With the platform approach, Hazelcast is aiming to consolidate the number of different runtimes that traditionally are necessary to build these types of systems. Last year at this time, the IMDG and Jet were separate products in Hazelcast’s lineup. But instead of separate products, they’re all part of the same cluster, which minimizes the number of things that can go wrong, Devgan says.
“So there’s one cluster. You get one product. You have one deployment, and that does both your data storage, your data processing, as well as inferencing, if you are going to interference from a trained machine learning model,” Devgan says. “It’s basically the simplification. That’s a big, big deal for us, because our vision is to democratize the building of these real-time apps.”

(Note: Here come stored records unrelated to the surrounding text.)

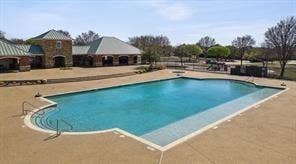 284 Goliad Trail, Forney, TX 75126 Rectangular swimming pool with built-in stairs, surrounded by a paved patio area and masonry building structure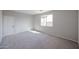 Bedroom with a neutral color scheme, large window, and plush carpeting at 18171 W Daley Ln, Surprise, AZ 85387
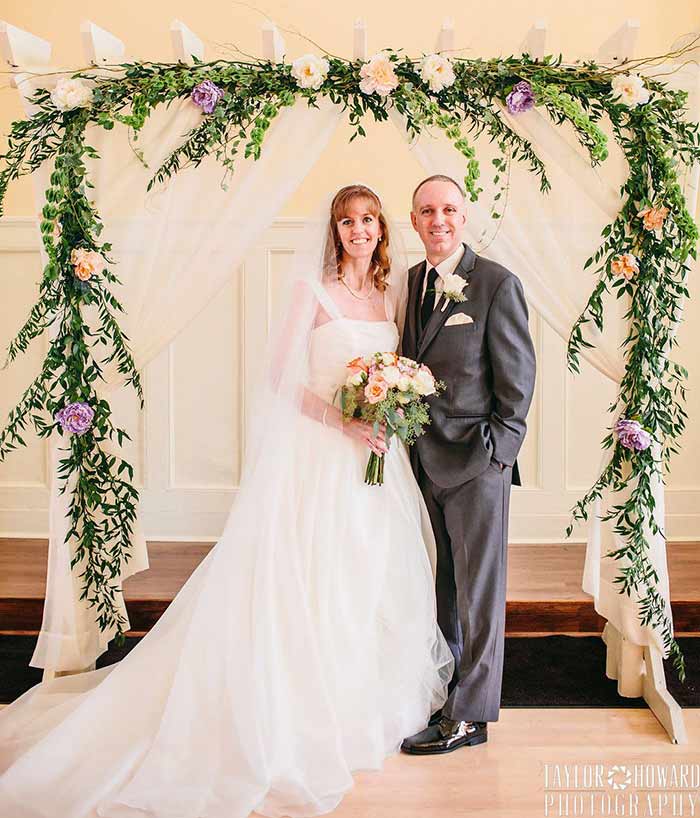 A couple smile under an arch with flowers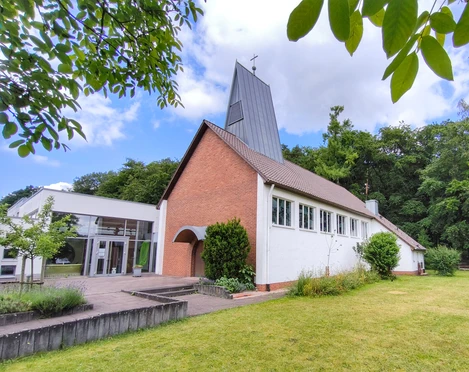 Die evangelische Johanneskirche in Hövelhof vereint moderne und traditionelle Architektur umgeben von Grün.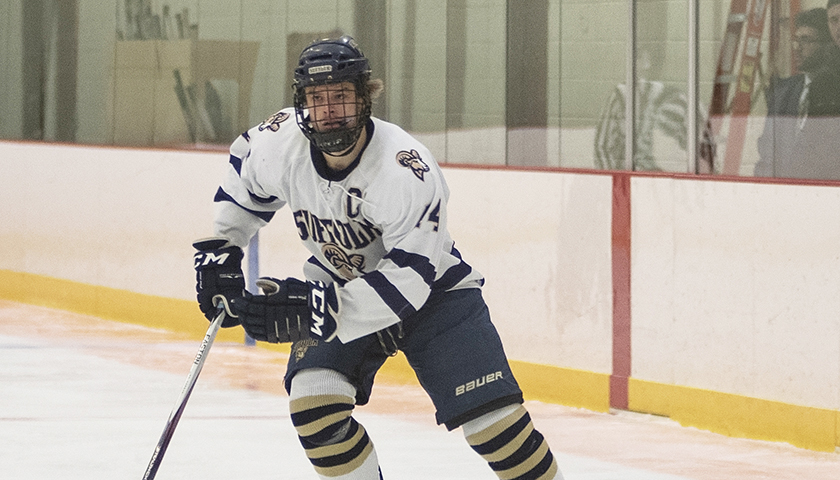 Mikhail Bryan in Rams uniform on the ice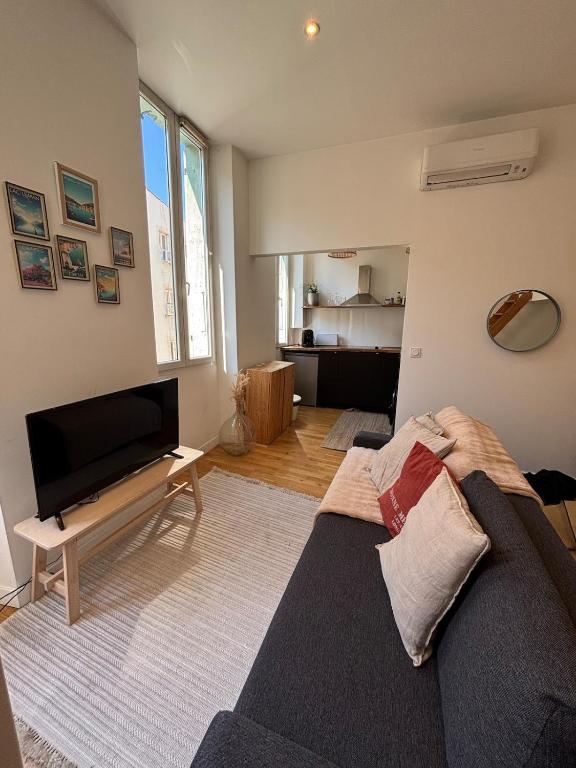 un salon avec un canapé et une télévision à écran plat dans l'établissement Le Carré D'Opéra, à Marseille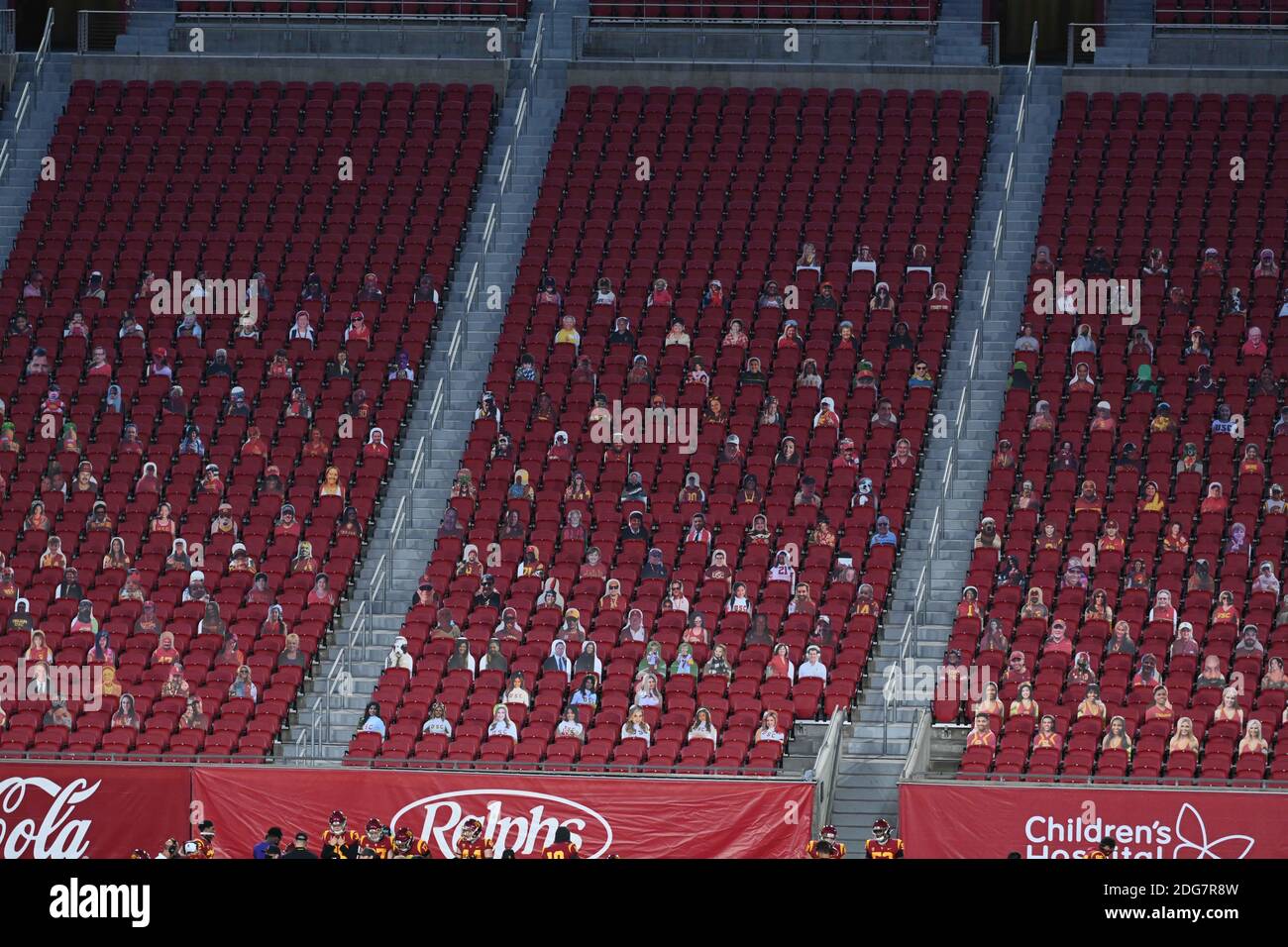 Cardboard cutouts of fans sit in the stands during an NCAA football game between the Southern California Trojans and the Washington State Cougars, Sun Stock Photo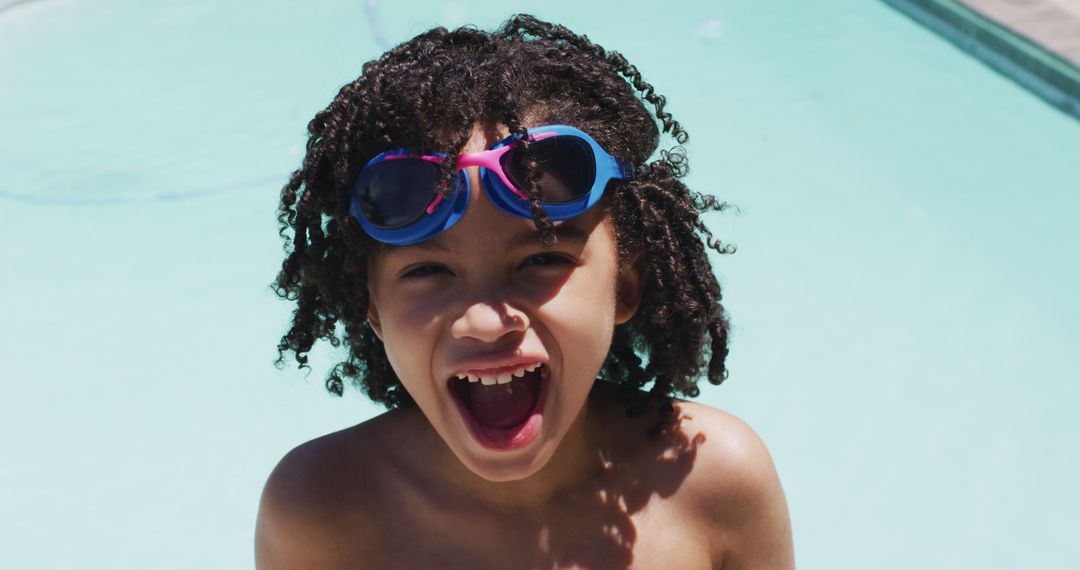 Portrait of happy biracial boy looking at camera in swimming pool - Free Images, Stock Photos and Pictures on Pikwizard.com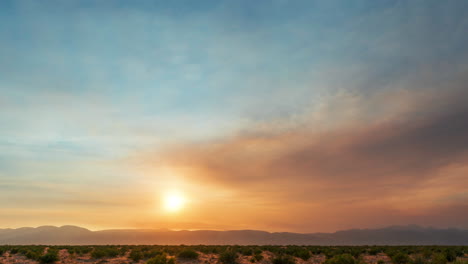 Farbenfroher-Wüstenzeitraffer-Während-Eines-Heißen,-Goldenen-Sonnenuntergangs-Mit-Gefiederten,-Wispy-Wolken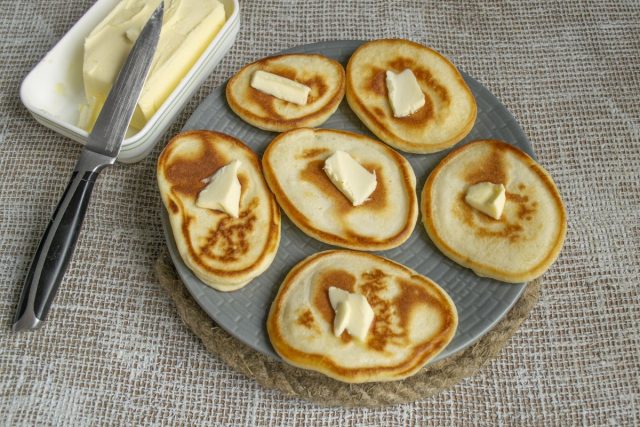 На каждый горячий оладушек кладём небольшой кусочек сливочного масла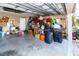 Garage with lots of storage space and shelving at 12528 Roseland Dr, New Port Richey, FL 34654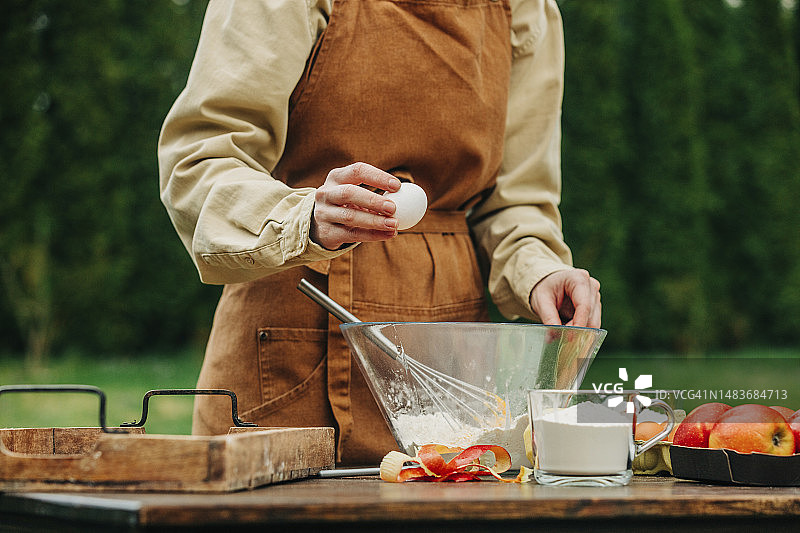 穿着围裙在花园里打鸡蛋的女人图片素材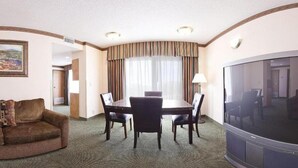 Quarto de hotel com mesa de jantar, quatro cadeiras, sofá, televisão e uma janela grande com cortinas.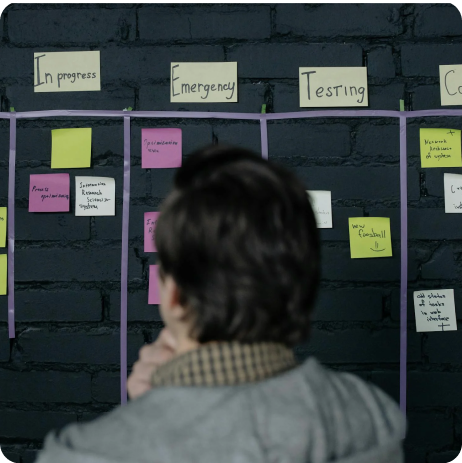 A boss checks a wall with sticky notes and indication of employee progress
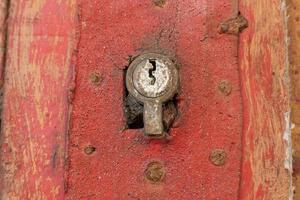 Details of an Old Orange Wooden Door photo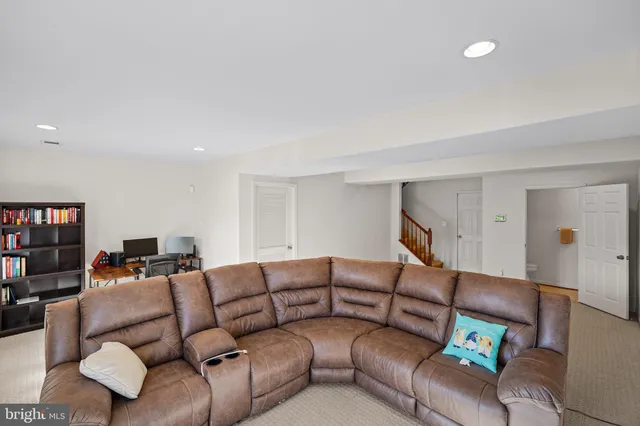 a living room with furniture and a couch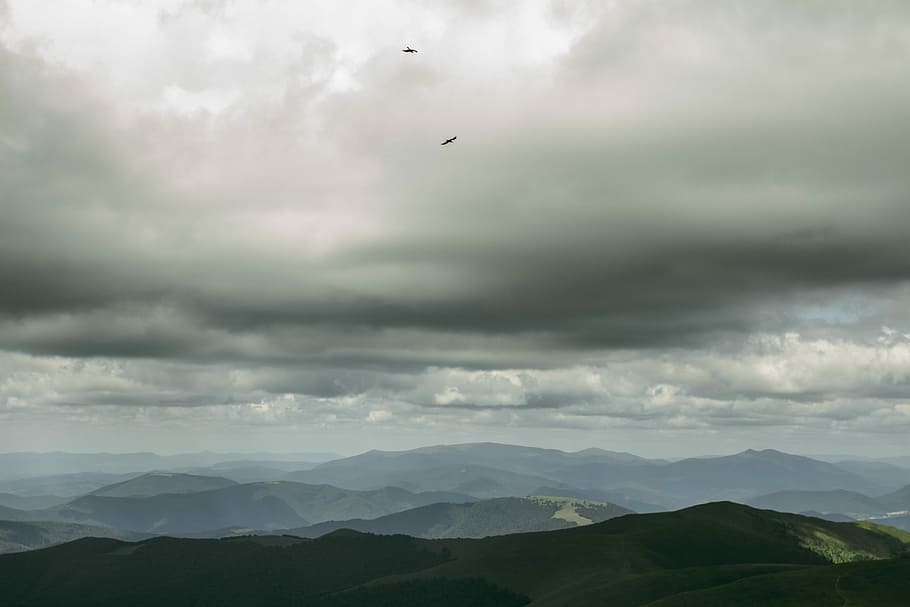 green hills under cloudy sky, aerial photography of mountain ranges HD wallpaper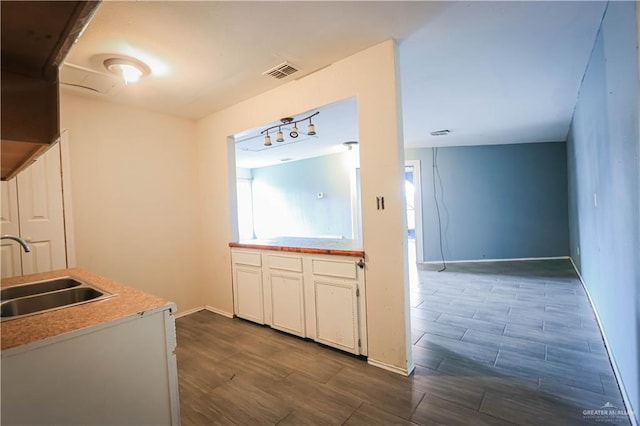 kitchen featuring dark hardwood / wood-style flooring, white cabinetry, and sink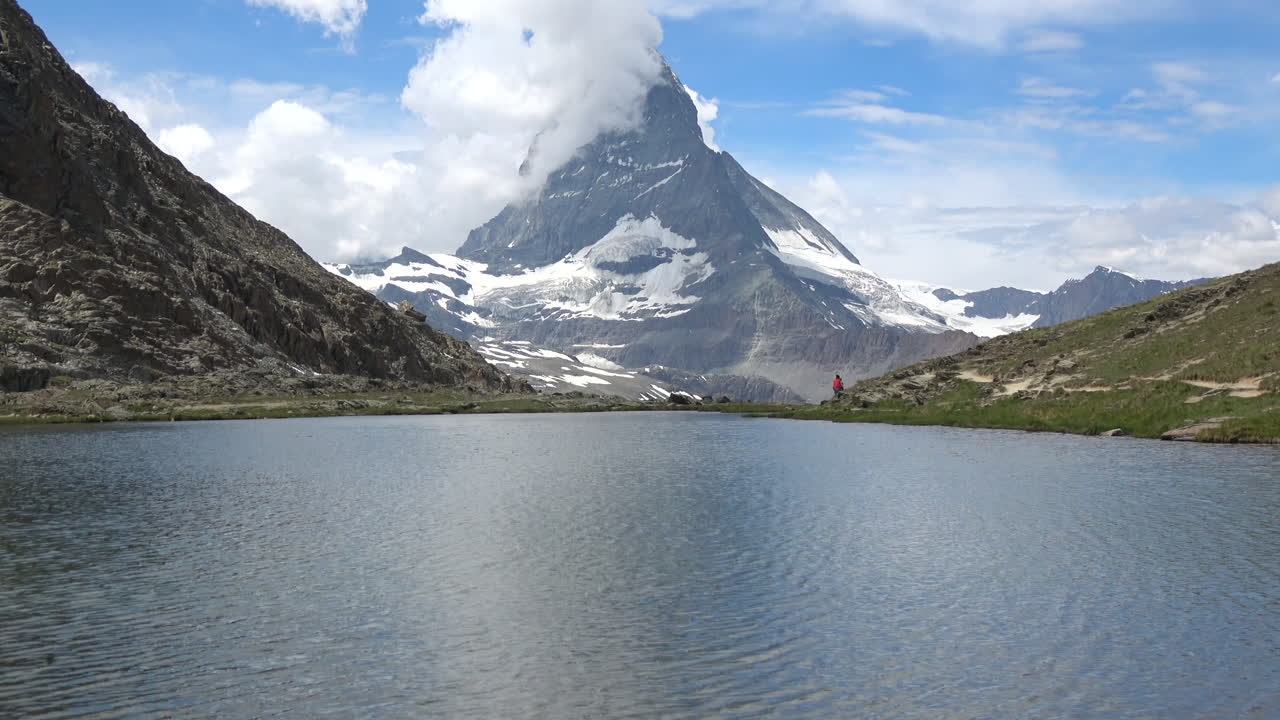 Ampia inquadratura di un lago di montagna calmo con il Cervino che si erge sopra creste innevate e nuvole, filmato vicino a Zermatt, Vallese, Svizzera, in una luminosa giornata estiva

With an abundance of source (and sink) connectors for streaming systems like Kafka, Kinesis, Pulsar, and message queue systems (not to mention sockets, file watchers, and database event logs), relevant data can be streamed into the stream processing engine component of the Hazelcast Platform (also known as Jet). The real-time data can be blended with historical data stored in the in-memory store, and the resulting data can be queried to give customers the most up-to-date intelligence.
Developers will create applications for Hazelcast Platform using the software development kits (SDKs) for Java, C#, Go, Node.js, Python and C++. They will also be able to leverage user-defined functions to reuse existing code, the company says. The Hazelcast Platform will also utilize directed acyclic graph (DAG) techniques for developing business logic atop the nodes in the cluster.
Hazelcast announced the Hazelcast Platform in July, and said at the time that it was planning to launch the product in August. That timetable has shifted somewhat, and now the plan is for Hazelcast Platform to become generally available in September, Devgan says.
As part of the Hazelcast Platform launch, the company also introduced an update to its core processing engine. In Hazelcast 5.0, the product gains two main functions: the ability to persist data to disk for the purposes of disaster recovery, as well as support for SQL processing on streaming data.
Regarding the SQL support, Hazelcast added:
“With the unification of the Hazelcast real-time stream processing engine and a high-performance data store, enterprises can now combine historical data, event data and file-based data with a single query with microsecond latency. In this approach, the streaming engine is able to pre-process data as it is ingested while the in-memory compute can analyze and act upon the insights in real-time. The unified data can also be fed by the streaming engine into machine learning code for real-time inference.”
This release also paves the way for Hazelcast’s upcoming serverless offering, which will provide auto-scaling capabilities that adapt to customer workloads, and which will further reduce the surface area that customers are responsible for managing.